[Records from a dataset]
§ §

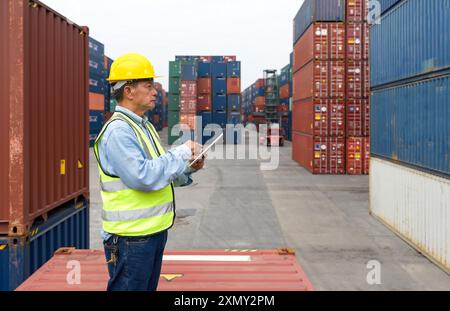 A worker inspects shipping containers in a busy port, wearing a safety vest and hard hat, holding tablet computer. Stock Photo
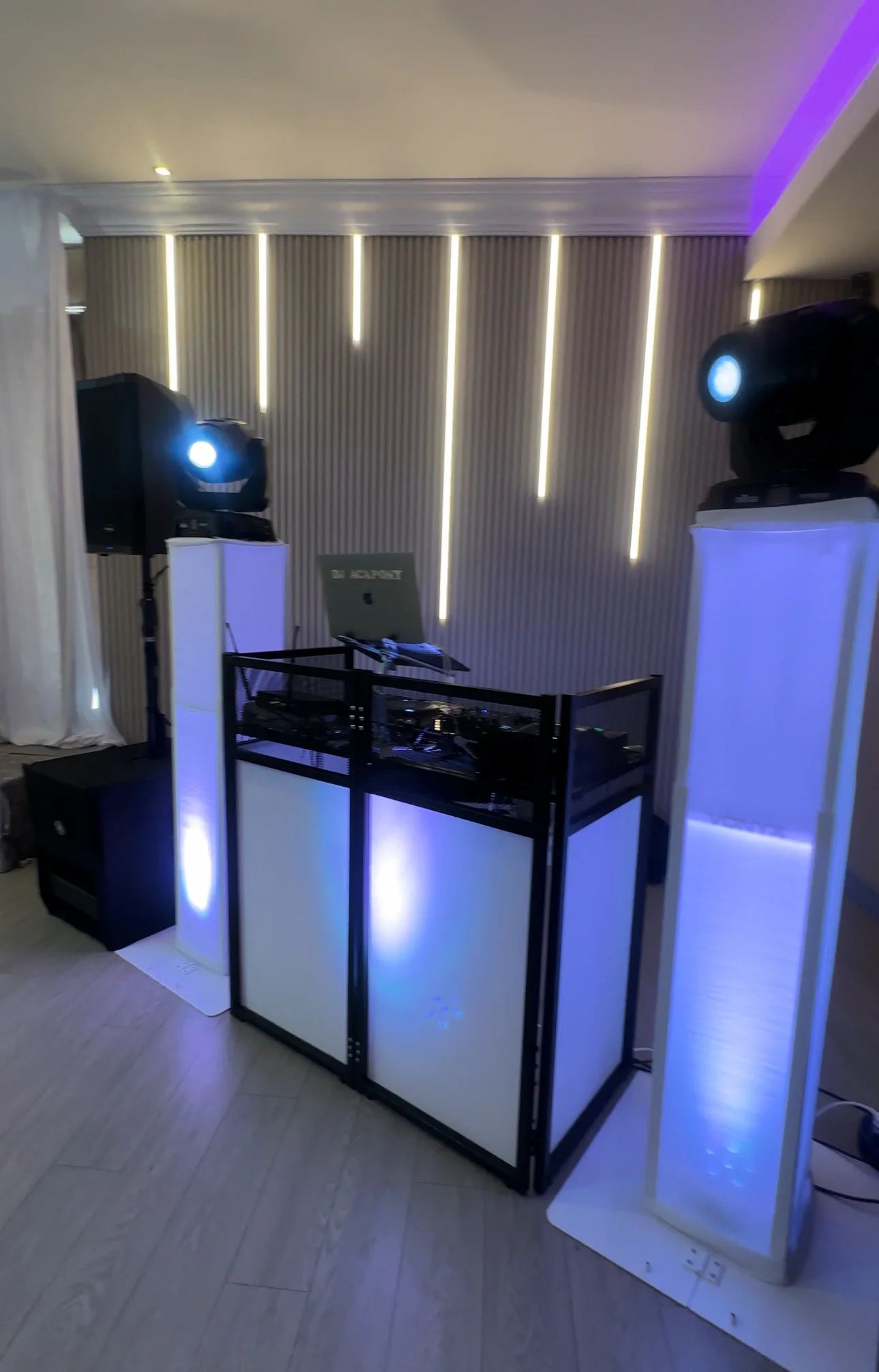 A white DJ booth lit in violet between two moving-head lights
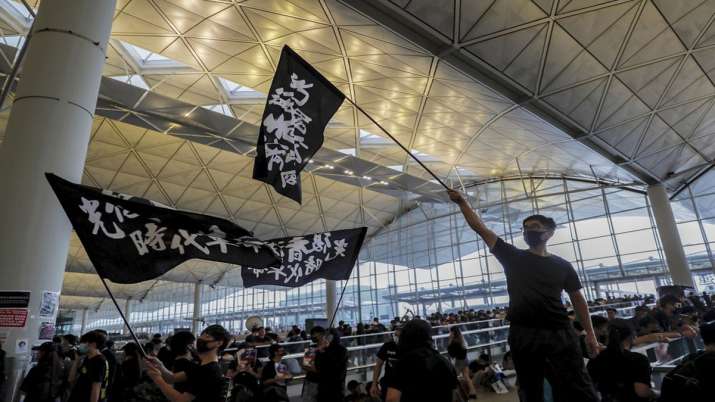 Hong Kong airport shuts down amid pro-democracy protest Hong Kong airport shuts down amid pro-democracy protest- India TV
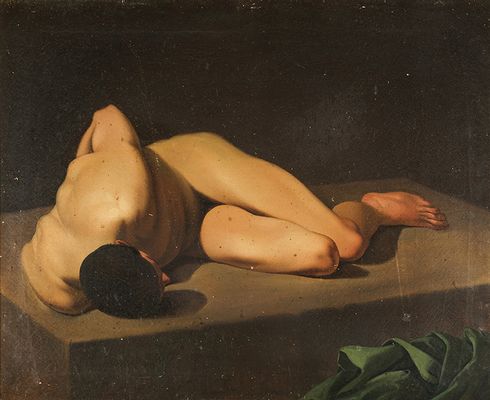 hombre desnudo en el suelo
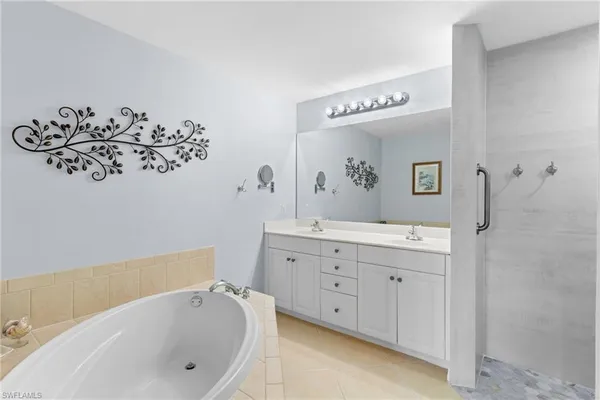 a bathroom with a bathtub sink and mirror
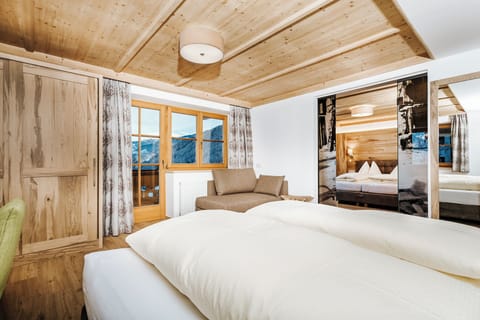 Family Room, 2 Bedrooms | Hypo-allergenic bedding, in-room safe, soundproofing, free WiFi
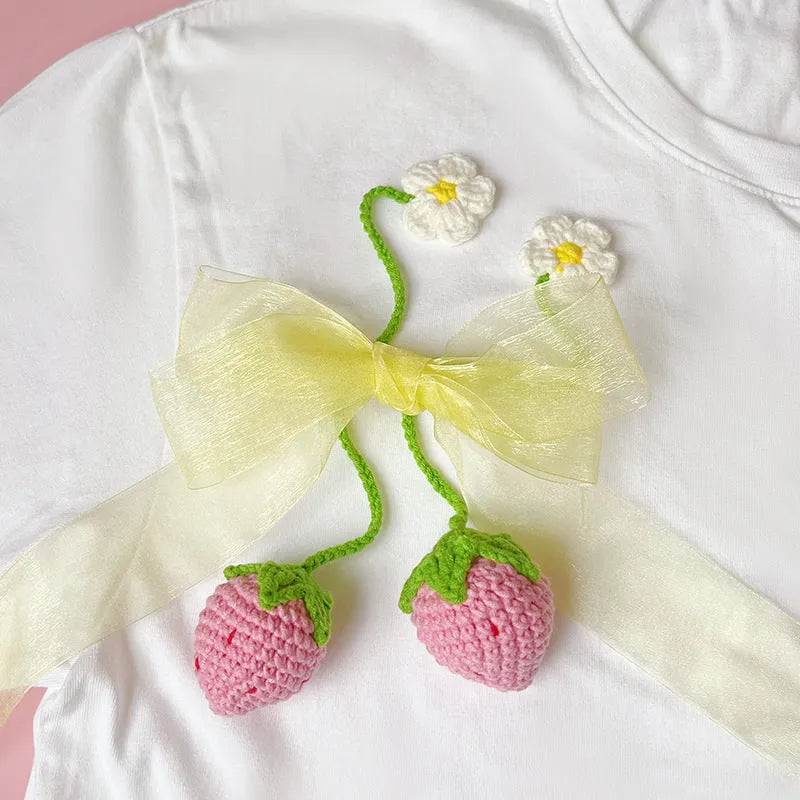 Handmade knitted wool crochet strawberry pendant necklace on a 35cm cord.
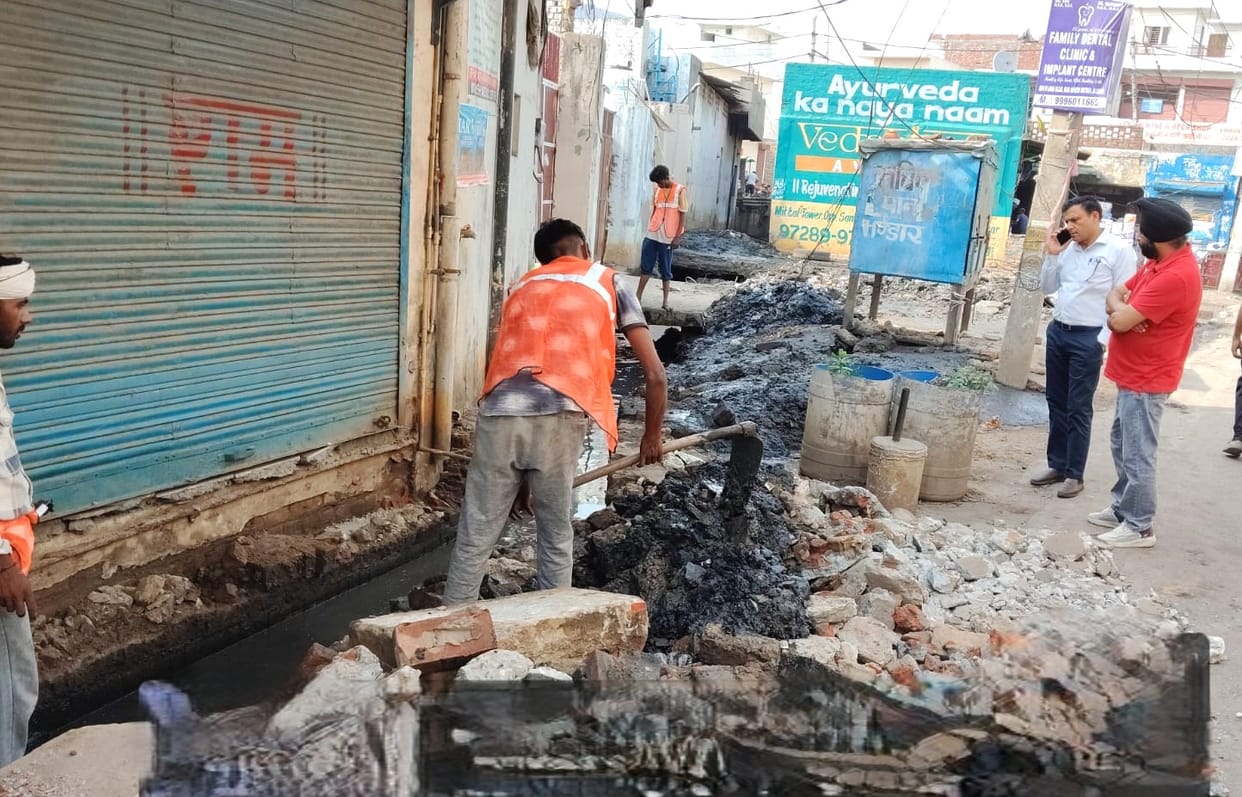 Sledgehammer used on the covered drain in Devi Bhavan Market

§ §

== YOUR INSTRUCTIONS ==
Starting with the first line of the data above, write out each line exactly up to and including the line that holds "a bathroom with a bathtub sink and mirror". Pictures stay out.

== TASK RESPONSE ==
 A worker inspects shipping containers in a busy port, wearing a safety vest and hard hat, holding tablet computer. Stock Photo
 A white DJ booth lit in violet between two moving-head lights
 Hong Kong airport shuts down amid pro-democracy protest Hong Kong airport shuts down amid pro-democracy protest- India TV
 hombre desnudo en el suelo
 a bathroom with a bathtub sink and mirror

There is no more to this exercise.